American actress and internet personality

Breeana Danielle "Bree" Essrig (born April 21, 1990) is an American actress, writer, host, internet personality, and OnlyFans model known for her comedic writing and appearances on the news and current events series SourceFed. Essrig joined SourceFed as a host in 2015, and in 2017 was brought on to star in the daily Twitter series #whatshappening.

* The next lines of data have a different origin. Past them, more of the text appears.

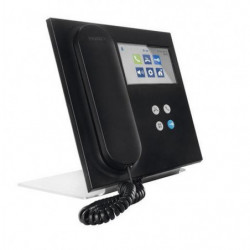 Conciergerie audio duox...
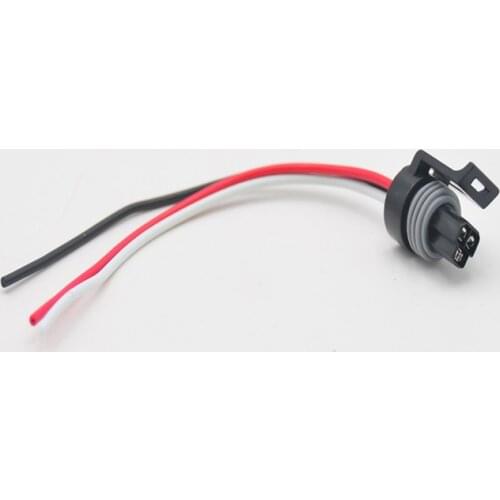 1Pcs Sensor Repair Harness Plug Pigtail 5C3Z12224A 904-222 2502-301232 57-5598 For Ford Diesel Powerstroke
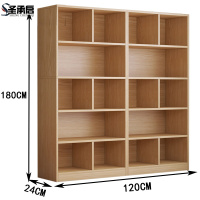 圣承启 文件柜 1.2m台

Essrig's personal YouTube channel has over 280,000 subscribers and 19 million views. and has appeared in a contest in Seventeen Magazine. She has also been in The Daily Dot, Uproxx, Elizabeth Banks' website WhoHaha, and Amy Poehler's Smart Girls.

==Background and personal life==

In 2013, Essrig came out publicly as bisexual on The Rubin Report. Since then, she has been a public advocate against bullying, bi-erasure, body shaming, and sexual assault.

==Career==
Essrig was a co-host on The Young Turks news and pop culture channel PopTrigger from 2012 to 2015 and a writer/host on SourceFed from 2015 to 2017. She has acted as a guest host on websites. She has appeared on Elizabeth Banks' comedy website WhoHaha. Essrig was nominated for a Shorty Award in 2017 for Best Comedian. She has made appearances at festivals and conventions as a celebrity influencer guest, host and commentator. She has appeared in BlackBoxTV Presents and was in Shane Dawson's music video for "Superluv" in 2012.